• **WORK INSTRUCTION**: Everything from the line with "415 3rd Avenue" to the line with "Used 2024 Chevrolet Equinox LT FWD image 2" in the listing below, both lines included, needs to be copied exactly, apart from the pictures.

• **ENTRIES SUPPLIED**:
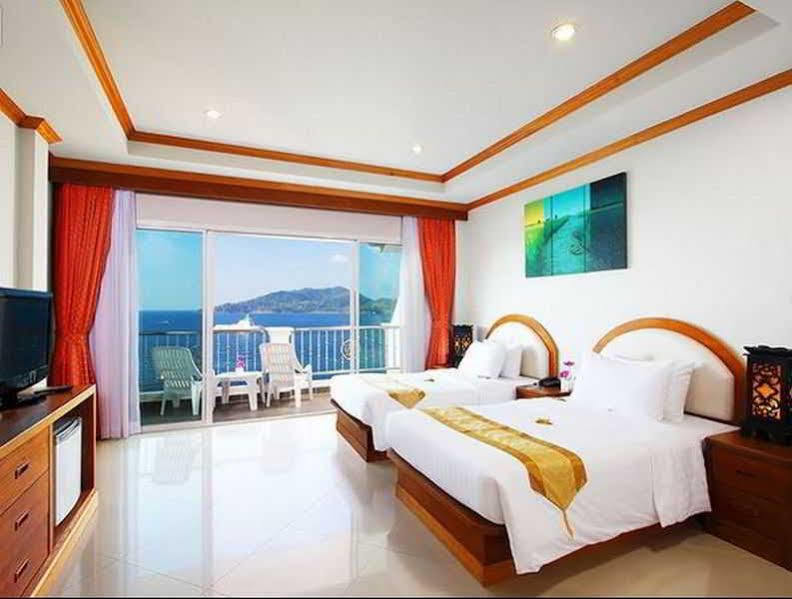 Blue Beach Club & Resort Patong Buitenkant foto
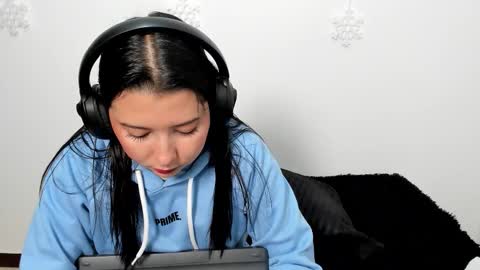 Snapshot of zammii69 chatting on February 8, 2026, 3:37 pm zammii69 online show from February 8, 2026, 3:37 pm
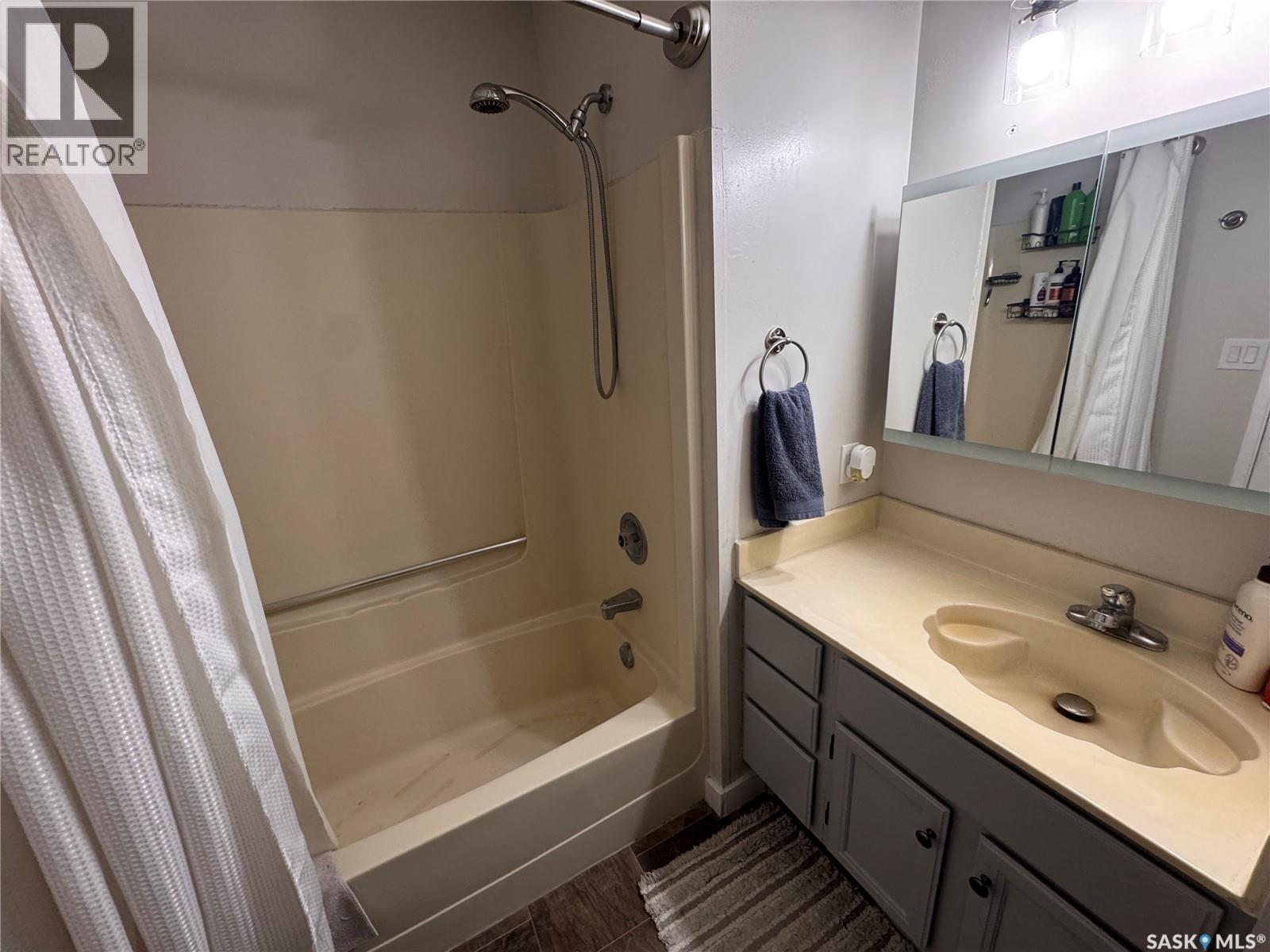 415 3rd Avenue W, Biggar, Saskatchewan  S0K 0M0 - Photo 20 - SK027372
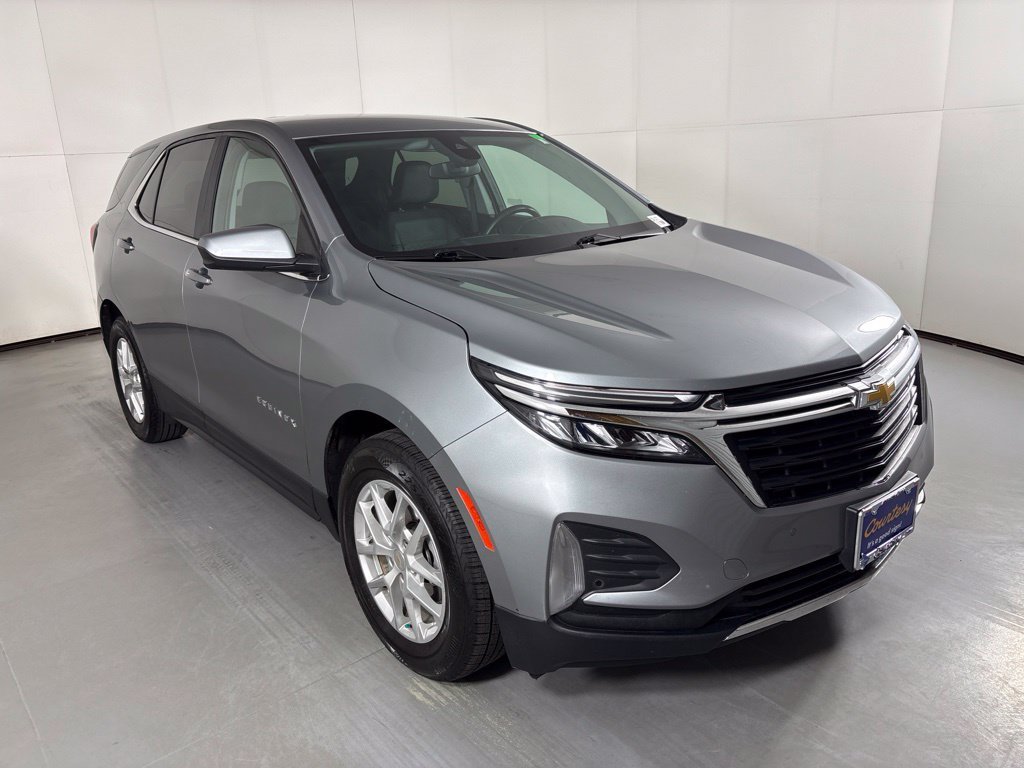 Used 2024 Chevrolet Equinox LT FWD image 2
---
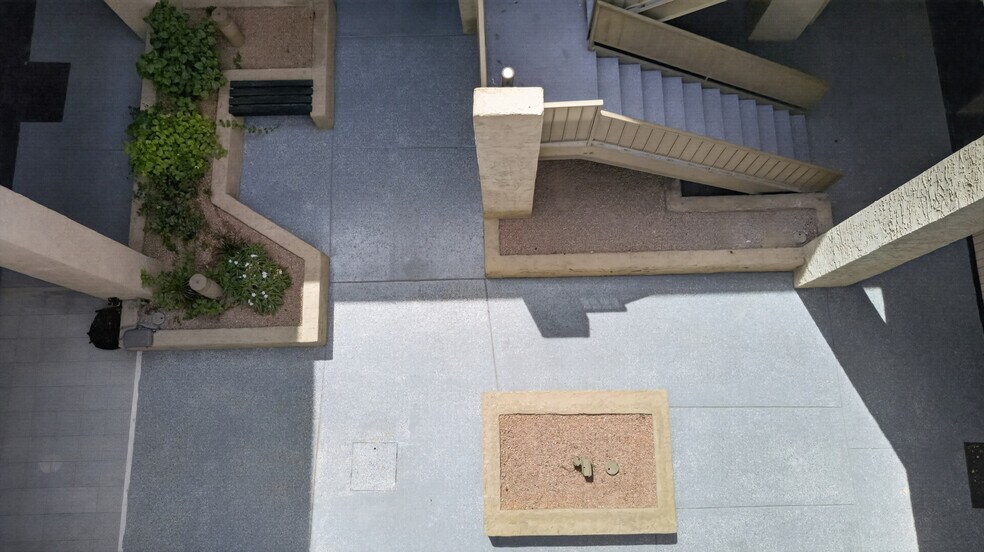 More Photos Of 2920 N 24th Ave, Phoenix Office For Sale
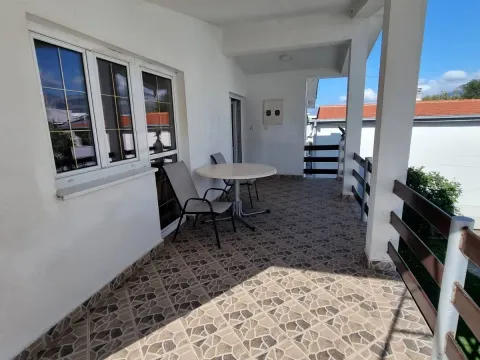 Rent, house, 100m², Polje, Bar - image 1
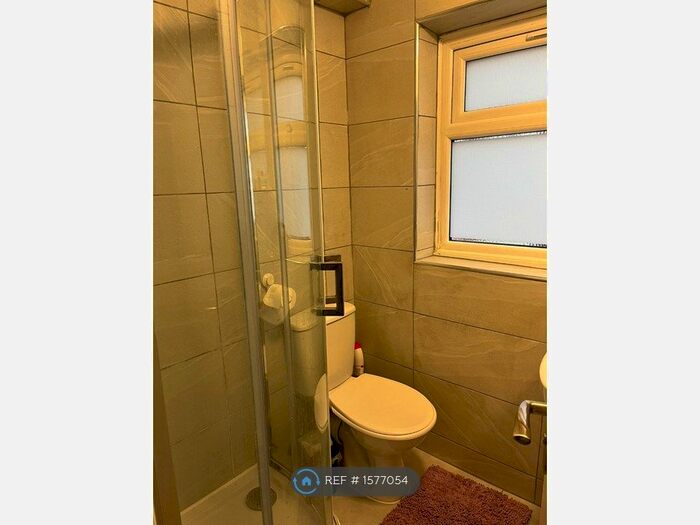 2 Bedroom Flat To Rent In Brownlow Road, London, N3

• **SOLUTION TO THE PROBLEM**:
 415 3rd Avenue W, Biggar, Saskatchewan  S0K 0M0 - Photo 20 - SK027372
 Used 2024 Chevrolet Equinox LT FWD image 2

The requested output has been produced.